- What to do
Return the following lines and nothing else: the one holding "Gaetano Castrovilli Fiorentina training" and all those after it in the records below, unchanged, minus any pictures.

- Records for this exercise
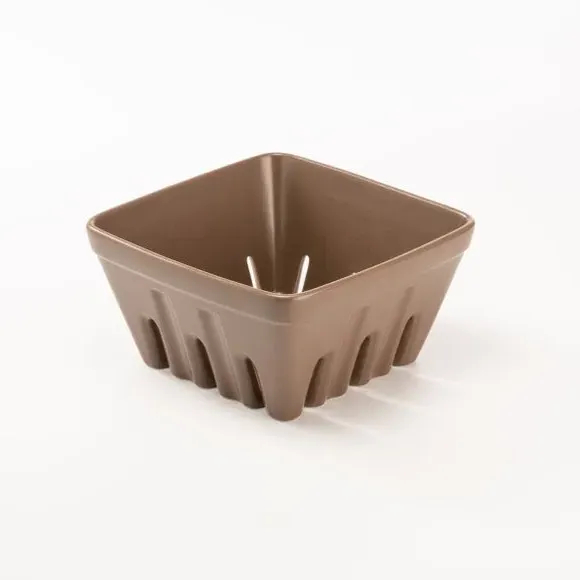 Ceramic Storage Crate Stackable - Fawn, Stoneware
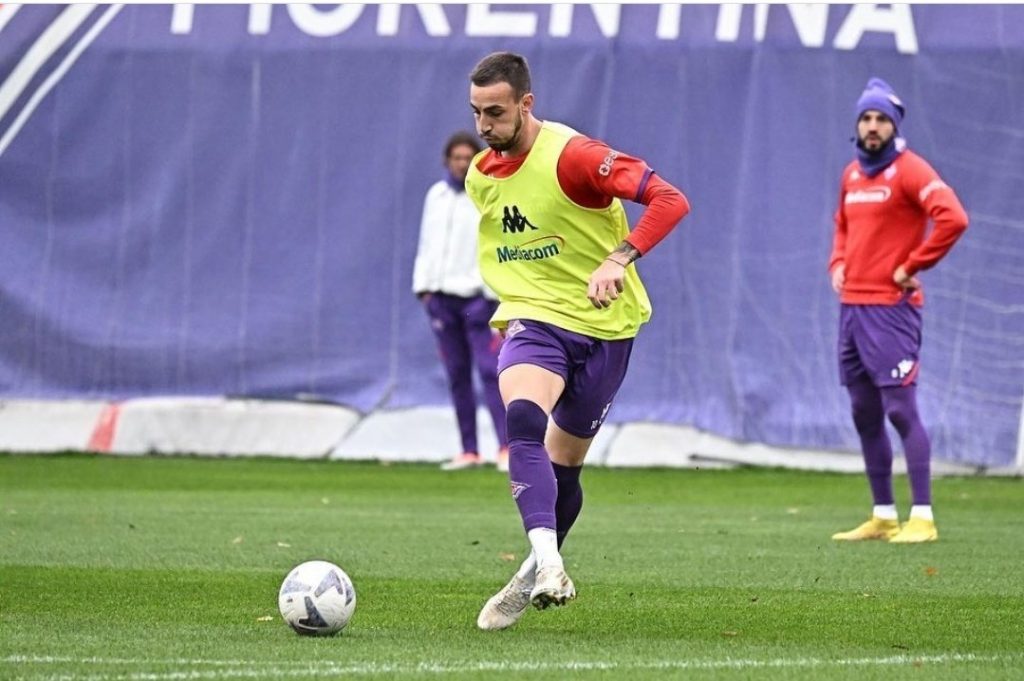 Gaetano Castrovilli Fiorentina training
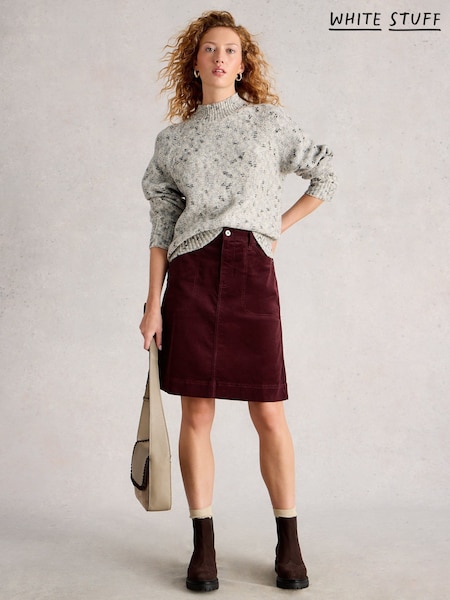 White Stuff Purple Tia Cord Skirt (Y10571) | €83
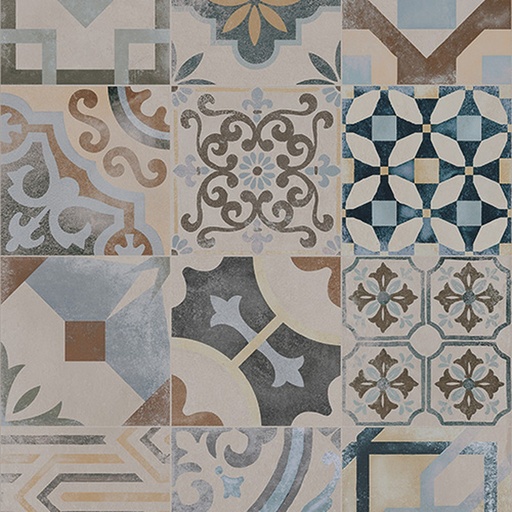 [1231330] Luca Cement Mix Matt 20x20 9,5mm (Soggetti Color)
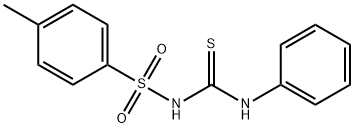4-甲基-N-(苯基氨基甲硫酰基)苯磺酰胺 结构式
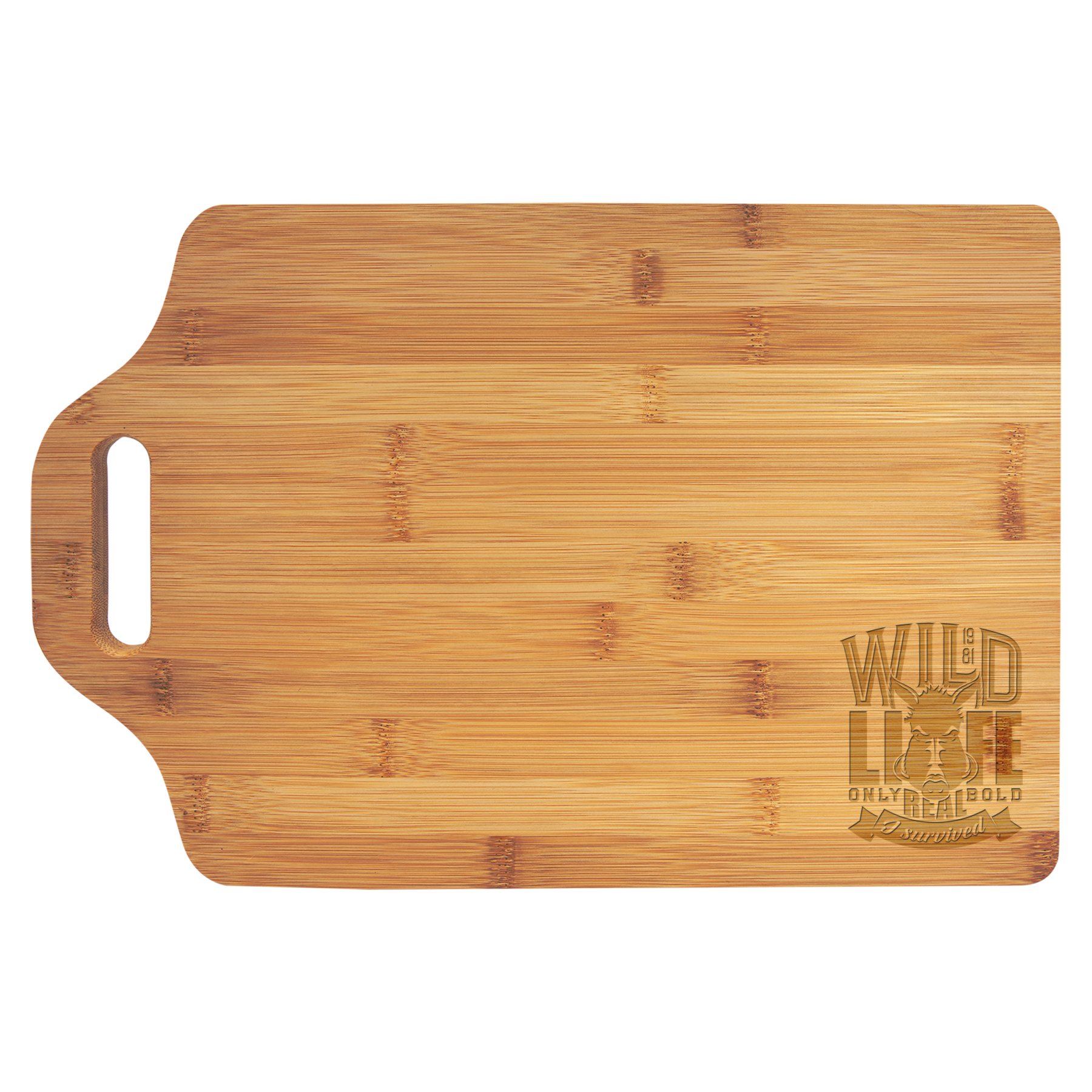 15" x 10" Bamboo Cutting Board w/ Handle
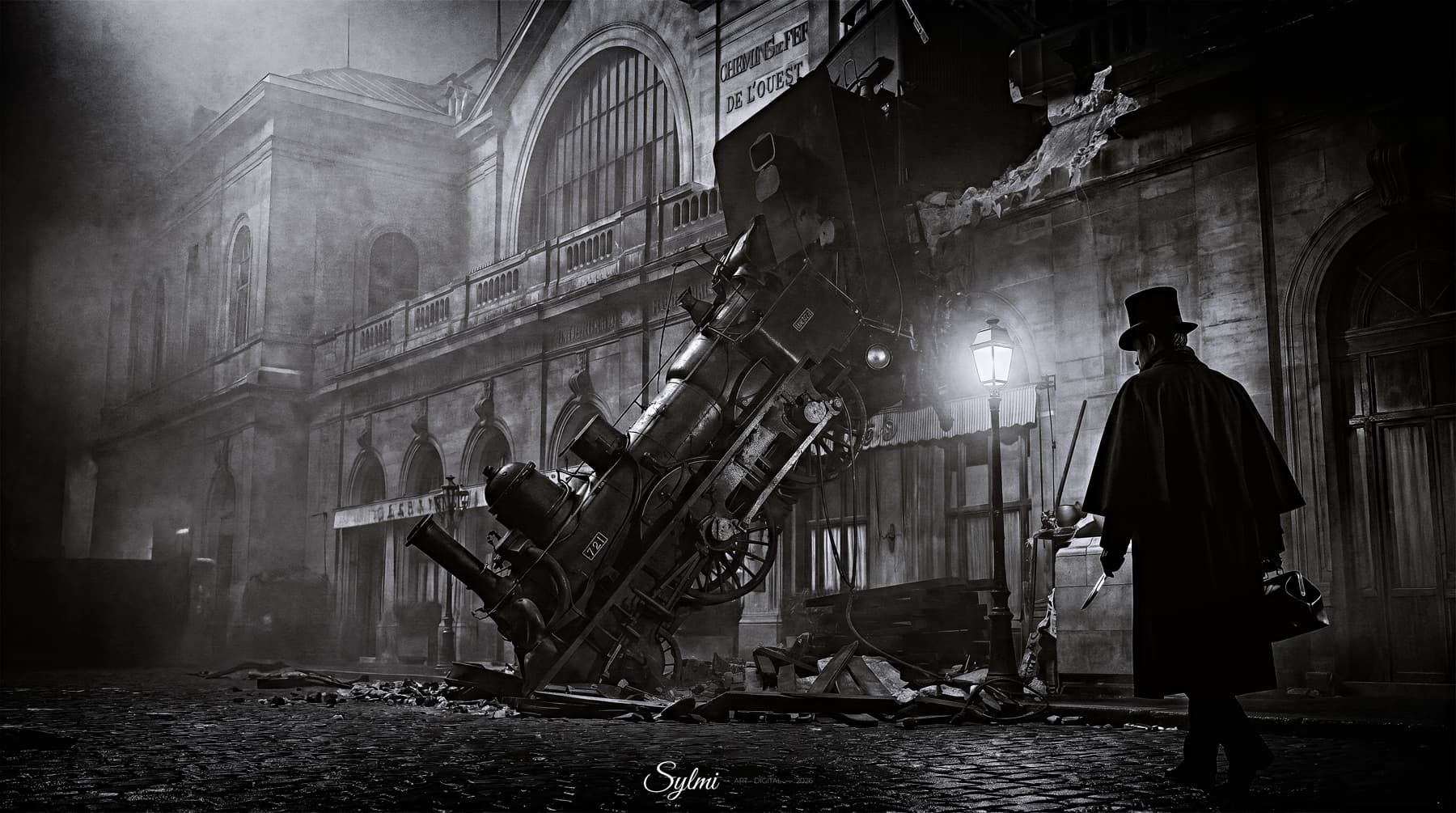 Jack the Ripper — sylmi-art-photo-jack-leventreur-train-montparnasse-02-1895-bw par Sylmi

- Final answer
 Gaetano Castrovilli Fiorentina training
 White Stuff Purple Tia Cord Skirt (Y10571) | €83
 [1231330] Luca Cement Mix Matt 20x20 9,5mm (Soggetti Color)
4-甲基-N-(苯基氨基甲硫酰基)苯磺酰胺 结构式
 15" x 10" Bamboo Cutting Board w/ Handle
 Jack the Ripper — sylmi-art-photo-jack-leventreur-train-montparnasse-02-1895-bw par Sylmi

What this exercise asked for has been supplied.